Of course, Ange's right--I myself reserve the right to be a sophist, to contradict myself, to refuse systems, and summaries and paraphrases, to choose questions over answers. But then, again, so do many thinkers. Choosing to be a sophist is itself an idea about ideas, about their relevance, their proper place in the scheme of things. . . This is, I think, what Ange was getting at with her remarks about risk the other day (which sound like, umm, Nietschze?)--ideas as theatre, as sketchy provisos, tentative and expedient means to an end but no ends-in-and-of themselves.

So even though I like to write about poetry and think about it thinking aboutlessly, this is where a reviewer might go wrong in assigning the relationship between poetry and ideas, expecting to find a portable or didactic or disembodied idea in a poem or book of poems. With something like Fourier Series, which clearly puts so much energy into form, and formal thinking, it's a real mistake to critique its "message" or "argument" without checking that content against the more "sedimented content" of the form. Fourier Series, to my mind, with its grids and sections and lyrical juxtapositions, is all about dialectic and a certain dialectical irony. I would be hesistant to accuse any section of imperialist rhetoric without seeing how such rhetoric might be ironized or undone by an adjacent moment. Perhaps that's what McSweeney meant, that she wanted to see these ironies made clearer or more vivid. That's a fair request. But it did sound from her as if she wanted Josh to put a little note at the bottom stating his political sentiments vis-a-vis "manifest destiny" as it is embodied by Wayne and westerns.

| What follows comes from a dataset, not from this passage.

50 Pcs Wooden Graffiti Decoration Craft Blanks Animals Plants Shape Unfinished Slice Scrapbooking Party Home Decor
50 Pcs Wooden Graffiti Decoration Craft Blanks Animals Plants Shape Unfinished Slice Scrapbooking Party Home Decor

It may be a bad idea to ask poetry to tell us what to think. But poetry can allow a rich occasion, a rich site, for thought. In the end, that's why something that's orientalist or imperialist or sexist or whatnot has a place in poetry that it doesn't really have elsewhere--poems allow us the opportunity to think through these things ourselves. If McSweeney felt she didn't get to do much thinking through of ideas, just idea-listening, fine; that's an OK critique. I, on the other hand, did a good deal of thinking and feeling and sensing, and sometimes all three at once.